I see this is quite an old thread, but thought I would chime in with some info on the SCPH-1000, including some general launch period trivia.
The earliest retail model I have seen (which I own/ pictured) is an A53 serial purchased in December 1994. I also have an A54 serial, but I'm not sure when and where that was originally purchased. The serials can go as low as A50 according to some collectors, although the lowest serials (sub-A53) supposedly went to internal officials at Sony, press and promo partners (Famitsu, et cetera), or formed part of the first 100,000 machines made available on 3 December.
There was a really obscure PAL model which I came across many years ago too. It was in classic grey, but had an S-VHS port, and the entire A/V panel was black like a debug unit. I understand this was a 'show model' which had the motherboard of an early PAL DTL-H1002 reshelled for trade shows such as ECTS 95 (London Docklands).

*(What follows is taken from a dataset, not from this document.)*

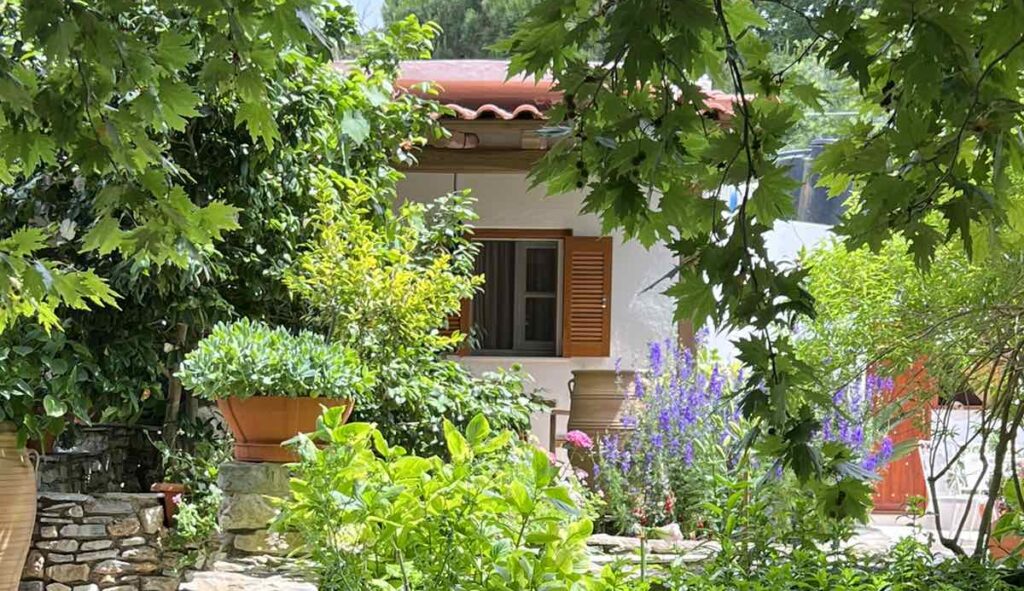 Sycamore Villa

N.B. The early PAL Debugging units (in blue) with S-VHS were mostly owned by studios like Psygnosis and have the same tile based 50hz user interface which featured in PAL launch models.
But I digress, some key identifiers for the various iterations of the SCPH-1000 are:
[*] Upto A55 serial - the warning stickers inside the disc-bay are a dark grey colour
[*] Between A55 to A59 - the warning stickers are a lighter grey.
[*] A59+ - no longer have the drive warning stickers.
I'm fairly certain that all SCPH-1000s (and some early 3000s which are the Japanese equivalent of the 1001/1002/1002) have the music player bug which allows the easy swap method. It doesn't make sense why Sony would have patched this in the 1000 because (from memory) they phased out this model during Summer 95 (July) and the bug carried over (unnoticed and untouched) into the US and European launch units in September 95. The patched machines surfaced around November/December after EGM reported on the hack (screenshot below) soon after launch, and the whole 'blu-tac method' went mainstream. I can't see why Sony would have discovered this loophole early on, removed it, and then made the same mistake before the US and European launch?!
Any machines purchased around Christmas 95 (in UK at least) were definitely patched. A friend purchased a SCPH-1002 from Toys'R Us with Destruction Derby at the end of October (that worked with the easy swap method), but it needed replacing after the laser started failing. He was fairly upset when he discovered his US Import of Mortal Kombat 3 wouldn't work on the replacement using the easy disc-swap.
From what I've seen the patched boot-rom has two revisions:
[*] in the first revision the disc will stop spinning after it registers in the CD Player (like the original) and will do the disc check again after you exit - this requires a disc swap while its spinning.
[*] the second revision registers the disc in the CD player (as above) and leaves the disc spinning at all times - possibly to act as some sort of deterrent against dangerous disc-swaps.